The reason we lock a string like “invoice_gen/SUB-1234” is that is what is available from the application layer and corresponds to the entity key/identifier we are locking. The advisory locks, however, use a bigint key as the argument (we are locking an integer not a string).

To address this problem, we use the hashing library provided by Google Guava. We needed a non-cryptographic fast hash that had great hash distribution properties and also was 64-bit (since we needed to turn a string into a big int).

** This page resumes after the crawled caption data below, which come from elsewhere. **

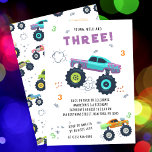 Young Wild 3rd Birthday Kids Monster Car Trucks Invitation<br><div class="desc">Young Wild And Three 3rd Birthday Kids Monster Car Trucks Invitation features cute and colourful monster car trucks with the text "Young, wild and three!" in modern purple typography script accented with the number 3 and doodles. Perfect for kids third birthday party celebrations. Send in the mail or simply download...</div>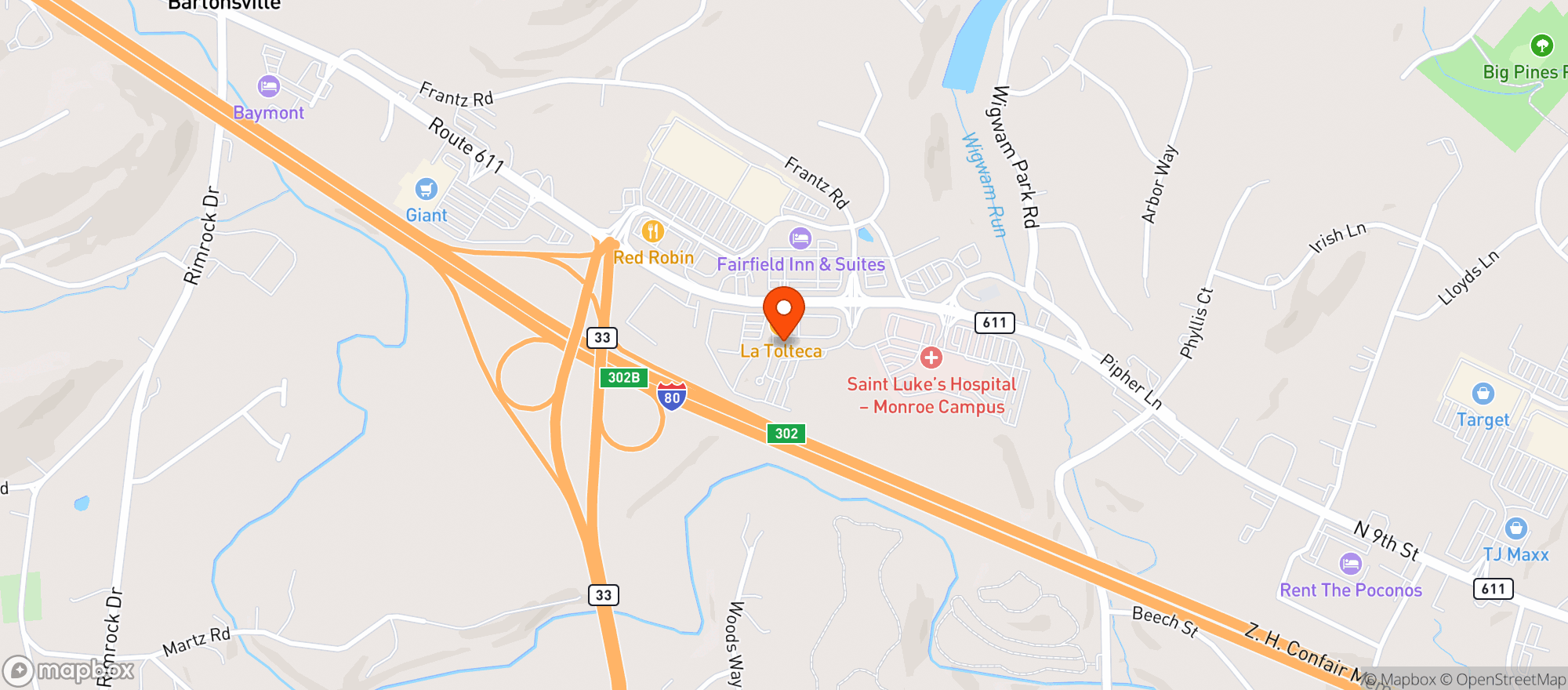 Map showing La Tolteca Pocono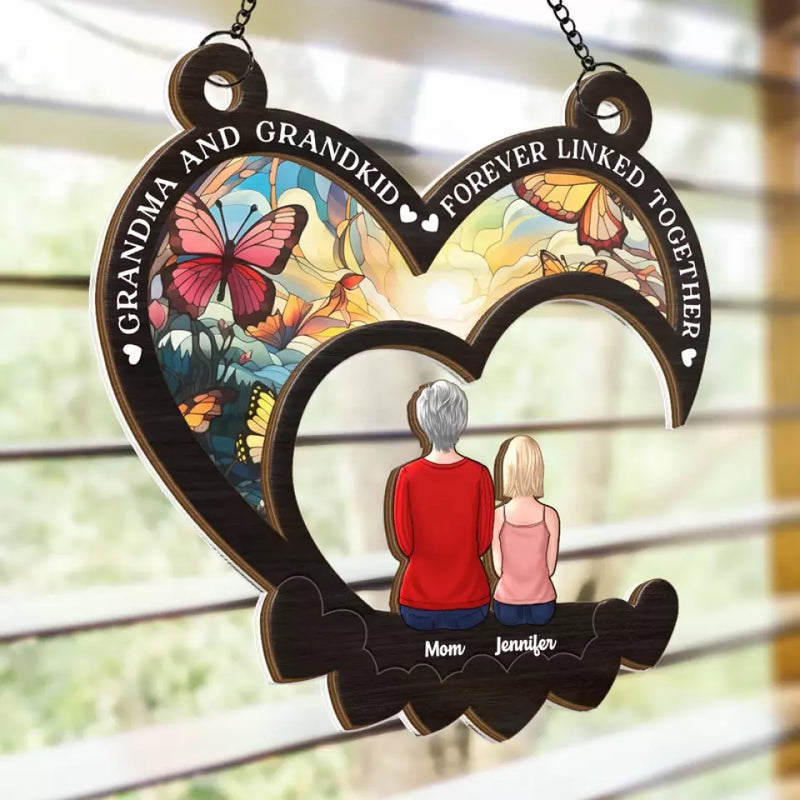 Custom Name Grandma and Granddaughter Gifts - Personalized Suncatcher Ornament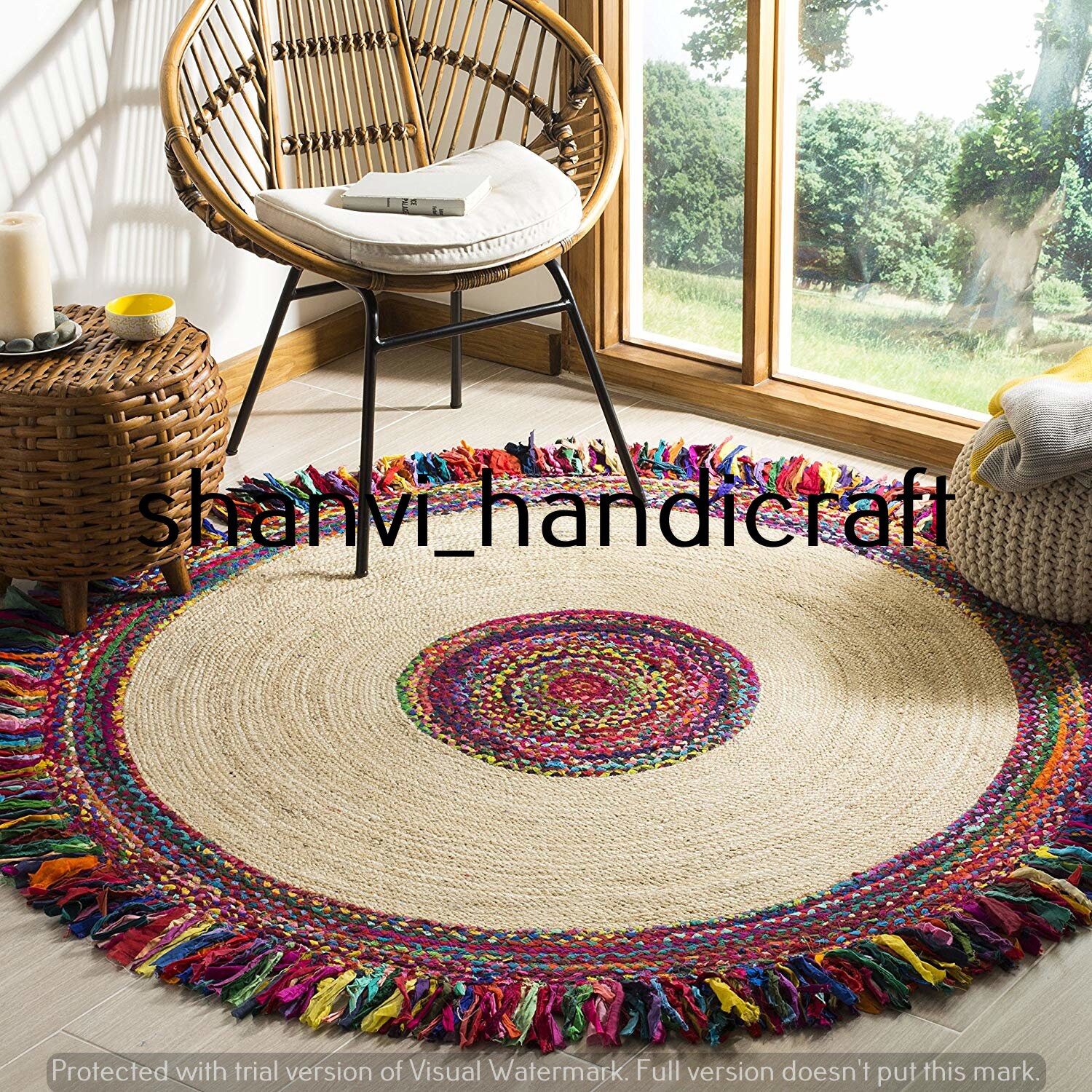 Braided Rug Jute Chindi Bohemian Decor Indian Jute Decorative Round Rug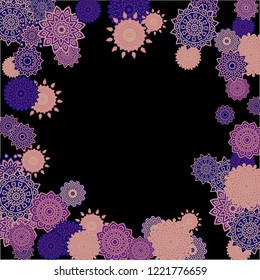 Ethnic Background with Simple Mandalas. Lacy Round Patterns on Black Ground. Stylish Dark Pattern with Outline Arabesque Motives. Gentle Snowflakes Drawn in Indian Style and Looking as Mandalas.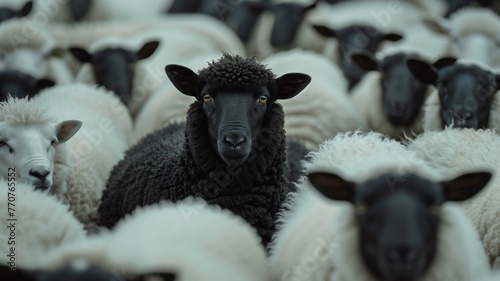 One black sheep in a herd of white sheep. 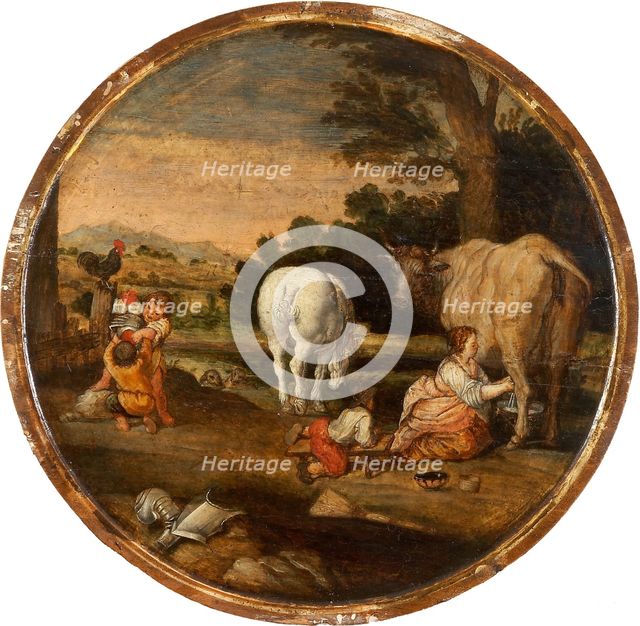 Country Scene with Milkmaid and Children Playing with Armour: March and April, c1620-1630. Creator: Dutch Master.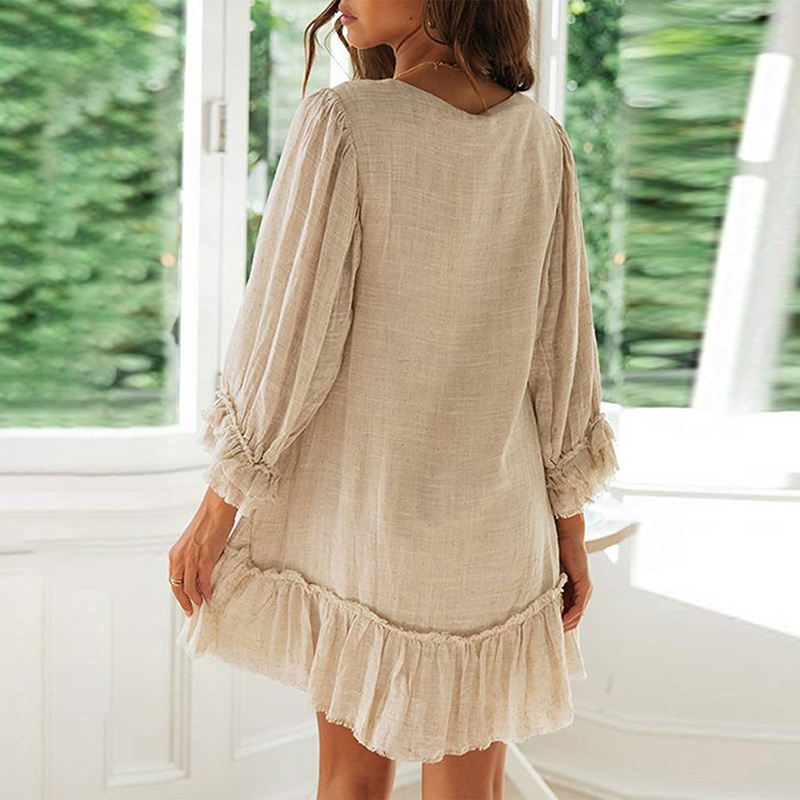 Vintage Plain V Neck Button Ruffle Long Sleeve Mini Dress-Datalatt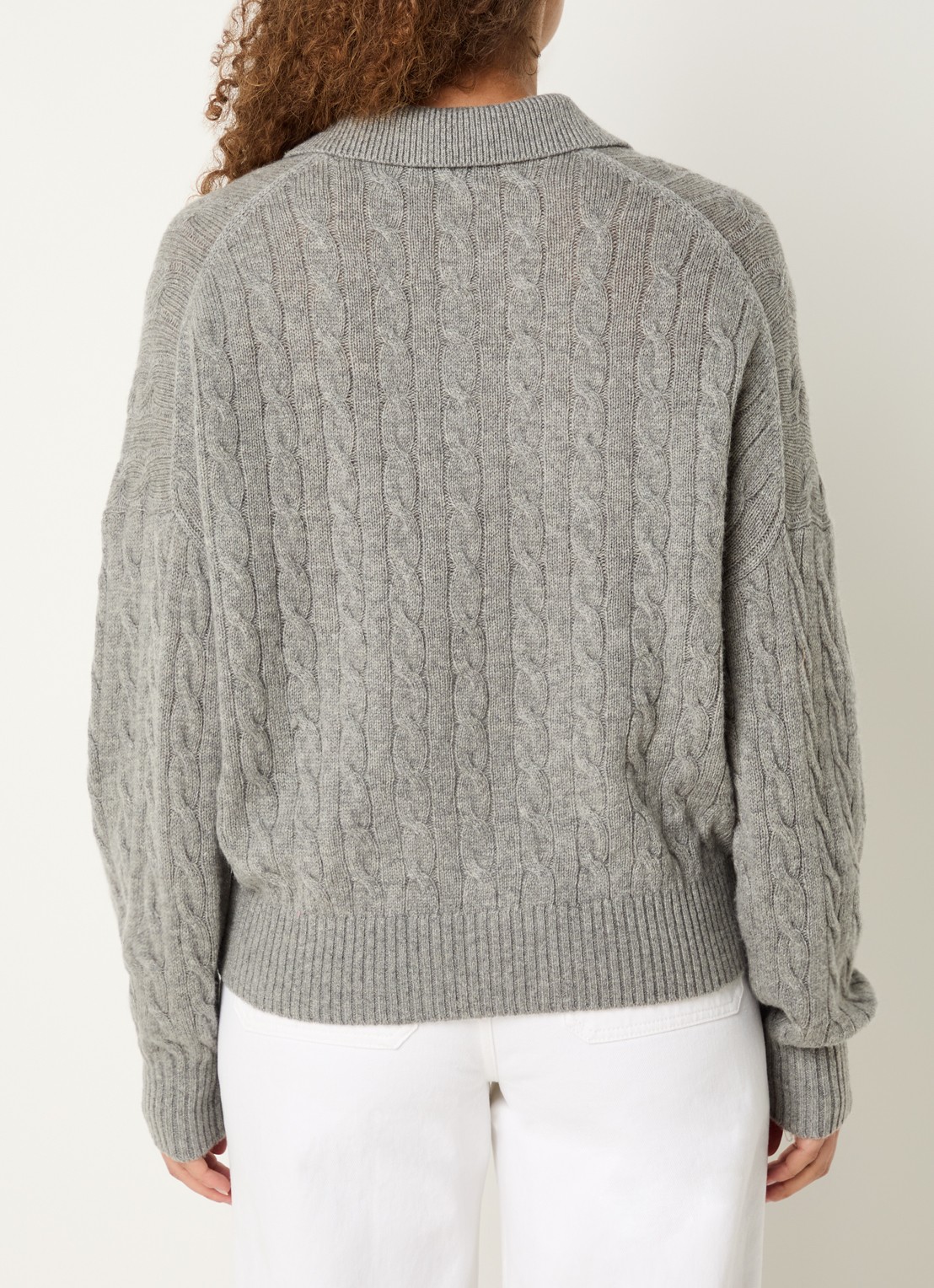 Ralph Lauren Kabelgebreide trui in kasjmierblend met polokraag en logoborduring - achterkant 3 grijs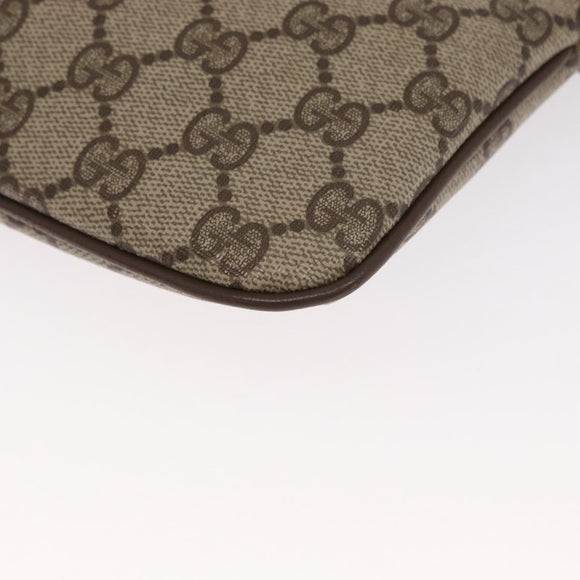 GUCCI GG Supreme Web Sherry Line Bag PVC Beige Gold 68 02 047 Auth ka1073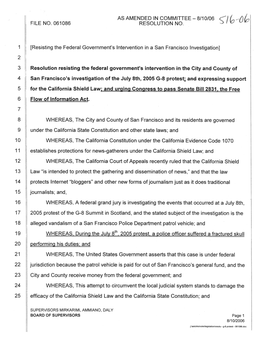 Resisting the Federal Government's Intervention in a San Francisco Investigation] 2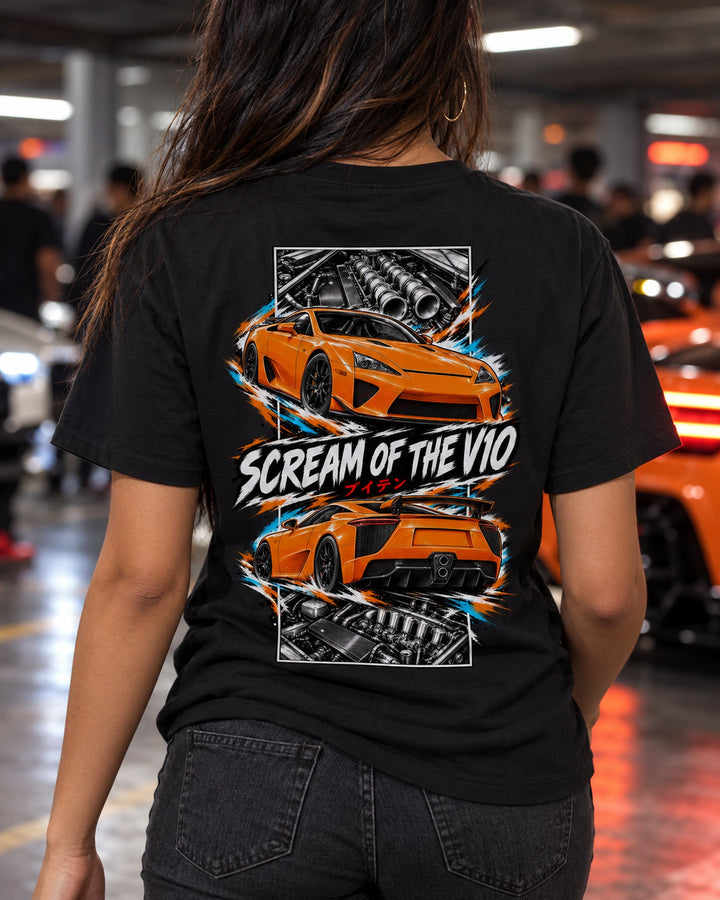 Lexus Lfa Torn Poster Full-Back Graphic Tee T-Shirt Black worn hero
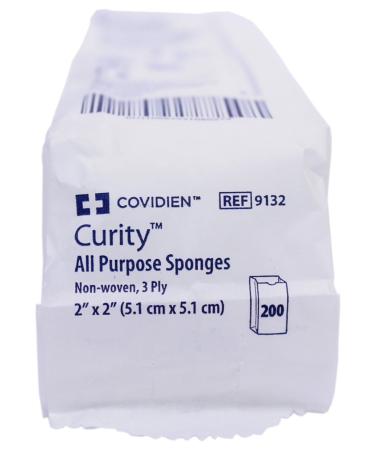 Covidien 9132 Curity All Purpose Sponges Non-Woven 3-Ply 2" x 2" Size (Pack of 200)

We settled on the Sip Hash. This is a lesser known but very useful hash function of the “add-rotate-xor” family, which is reasonably fast, has very good distribution properties, and a Guava implementation known to work well.

Show Me the Code

This is all well and good, but can you show me the code? Here is the entire listing of the helper class we wrote to make use of the Postgres advisory locks:

package com.subskribe.billy.postgres;

import com.google.common.hash.HashCode;
import com.google.common.hash.HashFunction;
import com.google.common.hash.Hashing;
import com.subskribe.billy.validation.Validator;
import java.nio.charset.StandardCharsets;
import java.util.Optional;
import org.apache.commons.lang3.BooleanUtils;
import org.jooq.DSLContext;
import org.jooq.Record;
import org.jooq.Result;

/**
* utility class that uses postgres advisory locks
* to implement application level locking
*/
public class PostgresAdvisoryLock {

   // pg_try_advisory_xact_lock expects bigint as locking key
   private static final String PG_ADVISORY_XACT_LOCK = "SELECT pg_try_advisory_xact_lock(%d)";

   // I chose Sip Hash because it is a decently fast with good unique range
   // this hash function is used in Linux, Haskell and Rust hashtable implementations
   // it is a 64-bit hash and the range is java long
   private static final HashFunction SIP_HASH_FUNCTION = Hashing.sipHash24();

   /**
    * try to acquire an advisory postgres lock with the given String key.
    * the String is converted into a long using a 64 bit non-cryptographic hash
    * the lock is automatically released after the transaction is complete.
    * 
    * if the lock is successful it returns the hash code on which the lock was acquired
    * if the lock was unsuccessful an {@link Optional#empty()} is returned
    *
    * @param dslContext non null DSL context
    * @param key        non-empty lock key
    * @return Optional of hash code if successful {@link Optional#empty()} otherwise
    */
   public static Optional tryAcquireLock(DSLContext dslContext, String key) {
       // calculate hash
       HashCode hashCode = SIP_HASH_FUNCTION.hashBytes(key.getBytes(StandardCharsets.UTF_8));
       long hashKey = hashCode.asLong();

       // use the hash to try locking
       String lockQuery = String.format(PG_ADVISORY_XACT_LOCK, hashKey);
       Result lockResult = dslContext.fetch(lockQuery);

       // Query is guaranteed to return a singleton boolean in the result set.
       if (BooleanUtils.isTrue((Boolean) lockResult.get(0).get(0))) {
           return Optional.of(hashKey);
       }
       return Optional.empty();
   }
}

Conclusions

Upon completion of this project, we have several takeaways:

  • You do not always need expensive consensus management systems to solve problems like Distributed Mutual Execution. Just looking a little further into existing and available tools may lead to quicker working solutions and avoid costly delays. 
  • Postgres is a very versatile database and has a lot of bells and whistles that can prove useful. 
  • Defining the problem you want to solve clearly can lead to creative, focused solutions. 
  • We had to write very minimal code (the code in the post above) to achieve mutual distributed exclusion, which was a big win in terms of time to production.